I used the following code to list all data sets built into R.
#data(package = .packages(all.available = TRUE))
I chose ‘msleep’, which describes the sleep patterns of mammals along with several other important descriptors. I used this dataset for Discussion 11 when the assignment was to check the assumptions of the linear model. For this discussion, I’ll be adapting the columns into a multivariate model to predict the total sleep in hours.
print(head(msleep))
## # A tibble: 6 x 11
## name genus vore order conservation sleep_total sleep_rem sleep_cycle awake
## <chr> <chr> <chr> <chr> <chr> <dbl> <dbl> <dbl> <dbl>
## 1 Chee~ Acin~ carni Carn~ lc 12.1 NA NA 11.9
## 2 Owl ~ Aotus omni Prim~ <NA> 17 1.8 NA 7
## 3 Moun~ Aplo~ herbi Rode~ nt 14.4 2.4 NA 9.6
## 4 Grea~ Blar~ omni Sori~ lc 14.9 2.3 0.133 9.1
## 5 Cow Bos herbi Arti~ domesticated 4 0.7 0.667 20
## 6 Thre~ Brad~ herbi Pilo~ <NA> 14.4 2.2 0.767 9.6
## # ... with 2 more variables: brainwt <dbl>, bodywt <dbl>
colnames(msleep)
## [1] "name" "genus" "vore" "order" "conservation"

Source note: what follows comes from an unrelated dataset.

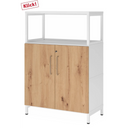 Kast FlexWall met fronten in essen-eiken, wit frame en plintonderstel van hjh OFFICE PRO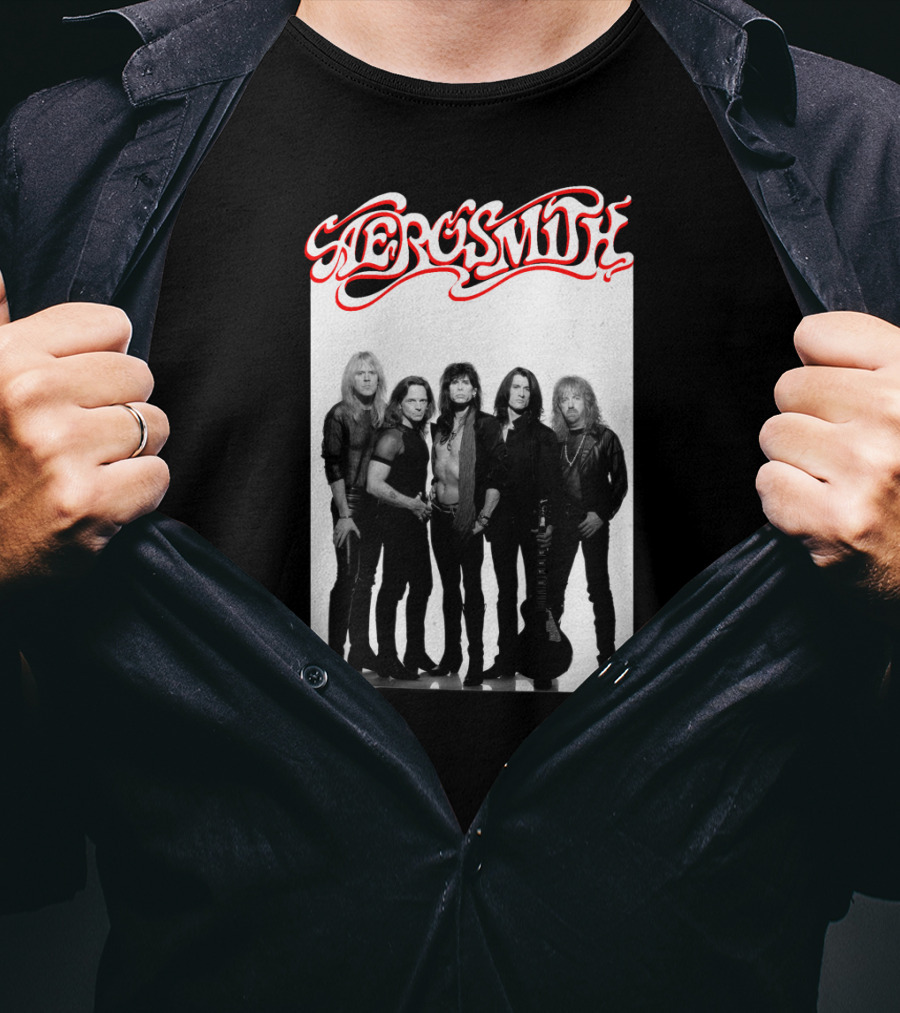 Aerosmith Band Classic Black And White Photo T-Shirt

## [6] "sleep_total" "sleep_rem" "sleep_cycle" "awake" "brainwt"
## [11] "bodywt"
print(nrow(msleep))
## [1] 83
In my previous discusison, I divided brain weight by body weight to find the proportion of brain weight relative to body weight. I’ll do this again for the multiple regression. I also did a little research into the colleciton of this data, which is based on regressions in the following paper by Savage et al., https://www.pnas.org/content/104/3/1051. For this reason, I’m also going to include the root of body weight as an accepted measure of metabolism. I also expressed rem sleep as a proportion of total sleep.
msleep_df <- msleep
msleep_df$brainprop <- 100*(round(msleep$brainwt/msleep$bodywt,3))
msleep_df$remprop <- 100*(round(msleep$sleep_rem/msleep$sleep_total,3))
glimpse(msleep_df)
## Rows: 83
## Columns: 13
## $ name <chr> "Cheetah", "Owl monkey", "Mountain beaver", "Greater s...
## $ genus <chr> "Acinonyx", "Aotus", "Aplodontia", "Blarina", "Bos", "...
## $ vore <chr> "carni", "omni", "herbi", "omni", "herbi", "herbi", "c...
## $ order <chr> "Carnivora", "Primates", "Rodentia", "Soricomorpha", "...
## $ conservation <chr> "lc", NA, "nt", "lc", "domesticated", NA, "vu", NA, "d...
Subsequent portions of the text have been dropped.